I recently began work on a play about Charlotte and Emily Bronte, and thought I'd better re-read Emily's "Wuthering Heights." And since I wanted the luxury if reading it in-hand rather than online, I hied me to Amazon to look for a good edition of the work.

And there she was. The dread Merkin wrote an introduction to the Barnes & Noble Classic edition of WH.

And predictably, she made a mess of it. She mainly peddles second-hand gossip about the Brontes, but she doesn't even get THAT right. Or rather, in classic Merkin style, you aren't quite sure what she means - does she think it's gossip, or does she believe it? Observe:
But by far the most intense (and screwy) psychological scrutiny was reserved for the close relationship between Branwell and Emily. After Charlotte had given up on him as a bad egg, Emily continued to stand by her older brother, calming him down and getting him to bed during his drunken outbursts. This aspect of the Brontë family life led to speculations about a possible incestuous aspect to Branwell and Emily’s relationship, especially in regard to its being the model for the relationship between Catherine Earnshaw and Heathcliff. (One theory suggested that Heathcliff was in fact the bastard son of Mr. Earnshaw and thus Catherine’s half brother.) Of course, this theory clashed with yet another view that saw Branwell as doomed by his closet homosexuality, which may or may not have emerged during the period he spent as a live-in tutor to a young boy, Edward Robinson; his employment ended in disgrace after Branwell was dismissed with the threat of scandalous exposure if he tried to get in touch with any of the family. Branwell later retailed this scandal as an adulterous affair he was having with his pupil’s mother.

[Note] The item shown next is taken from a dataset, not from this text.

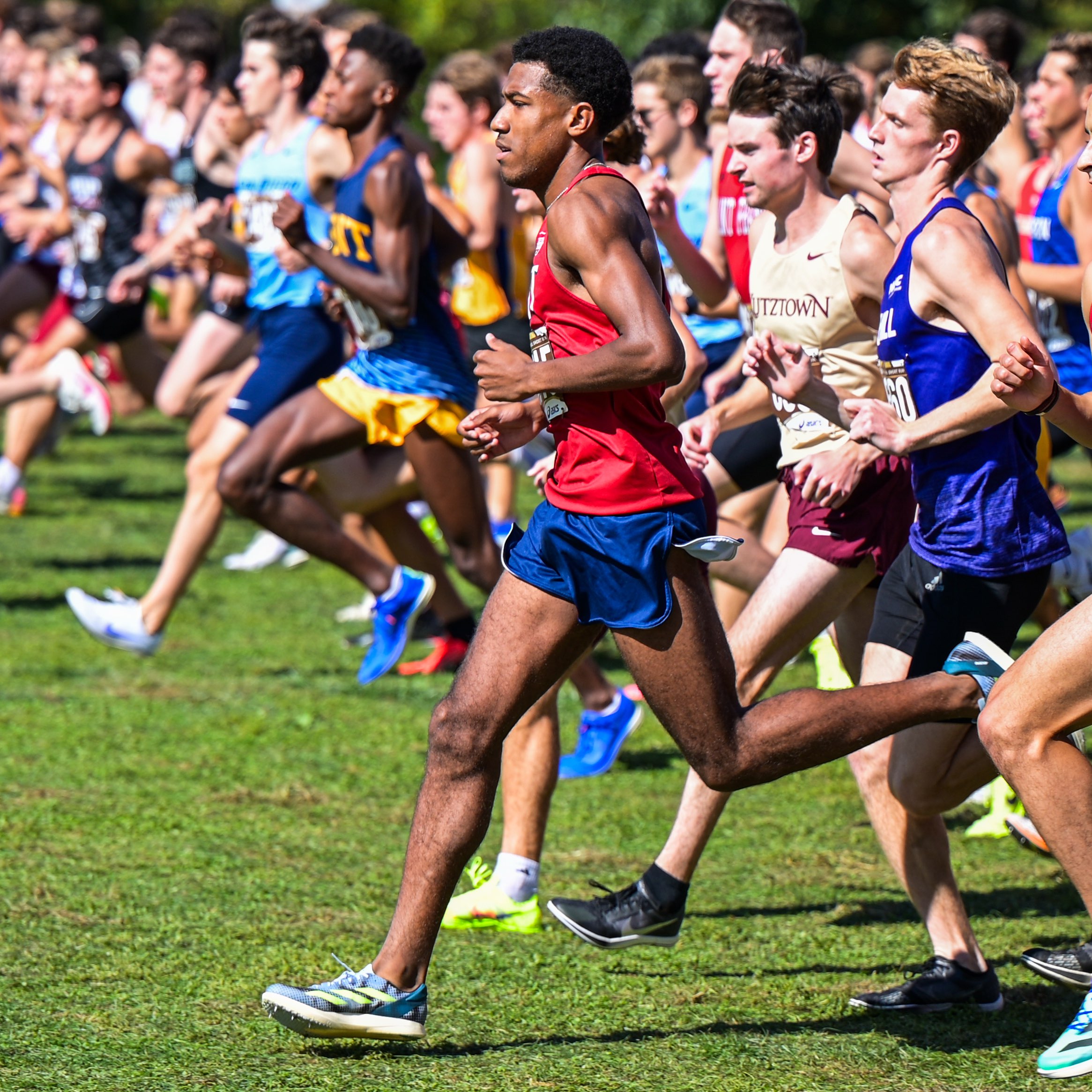 Daniel Wilson athlete profile head shot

Up until the last clause it sounds like she's recounting pure "theory" - but then she makes a true statement - Branwell was dismissed due to scandal - and follows that up with a statement that sounds as though she gives the theory credence: "Branwell later retailed this scandal as an adulterous affair..."

Every well-researched, document-supported (including the Brontes' own correspondence) source makes it clear that in fact Branwell was in love with Mrs. Robinson, and had hopes that she would marry him - and support him while he attempted to make a career as an artist - once her ailing husband died. But when the husband died she did NOT marry him and instead cut off all communications with him, and he became extremely depressed.

But why shouldn't my blog post be better-researched than a paid-for and published introduction to Wuthering Heights? After all we don't live in a meritocracy and as anyone can tell you, it isn't what you know, it's who you know. Daphne Merkin certainly hasn't made her career based on what she knows - she must be very well-connected indeed.